Fig. 4. Restraining-based methods for crystal diffraction and phase improvements.

(A) Shortening the restrained termini improves the crystal diffraction of VKORL. Diffraction patterns are shown for full-length (left) and termini-shortened (right) VKORL restrained by sfGFP. Arrows indicate visible diffraction spots near the diffraction limit. (B) Change of crystal packing interactions. The coloring and annotations are the same as in Fig. 3C. (C) Change of relative orientation between the membrane protein and sfGFP after termini shortening. The dashed lines indicate disordered termini. (D) Improvement of electron density maps through cross-crystal averaging with the coupler protein. The cross-crystal averaging is performed between the sfGFP (2B3P) crystal (averaging mask shown in orange) and the sfGFP-restrained VKORL crystal. In addition, the twofold NCS (molecules A and B) is used. (E) Electron density maps of the VKORL region before and after cross-crystal averaging of the low-resolution data. Arrows indicate regions with improved electron density. (F) Superimposition of the low-resolution (4.3 Å; blue) and high-resolution models (2.4 Å; red) showing that the cross-crystal averaged map allows building of a relatively reliable model at low resolution. (G) Electron density maps of the high-resolution VKORL structure after solvent flattening. All the maps are contoured at 1σ.

Fig. 5. High-resolution crystal structures of small membrane proteins provide new mechanistic insights into their functions.
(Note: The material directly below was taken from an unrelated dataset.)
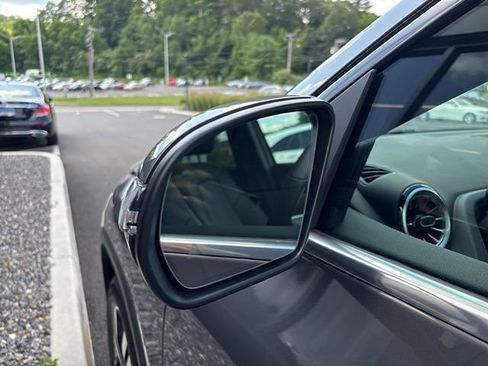 Used 2025 Mercedes-Benz GLA 250 4MATIC image 10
(A) New membrane protein structures (resolution in parenthesis) determined by the termini-restraining strategy. The membrane boundary and flexible ends of membrane proteins fused to the sfGFP are indicated. The double arrows indicate the distance (Cα-Cα atoms) between the ends of N- and C-terminal TMs. (B) Side view of the restrained DsbB Cys¹⁰⁴Ser structure [same colors as in (A)] superimposed with an independently published crystal structure (PDB code 2ZUQ; blue). PL, periplasmic loop; H, helix. The Fab bound to DsbB in 2ZUQ is omitted for clarity. (C) Top view of the restrained DsbB structure, superimposed with an NMR structure (2K74; green) that captures a similar electron-transfer state (fig. S7). (D) Structural comparison of the catalytic triad in E. coli DsbB and hepatitis A virus 3C protease (1CQQ), a representative cysteine protease (45, 46). (E) Similarity of catalytic triads in DsbB and cysteine proteases. Histidine deprotonation of the catalytic cysteine (top) generates the reactive thiolate (bottom). The thiolate in DsbB forms a charge-transfer complex with the quinone (UQ), and the thiolate in cysteine protease attacks the scissile bond carbonyl carbon in a peptide substrate.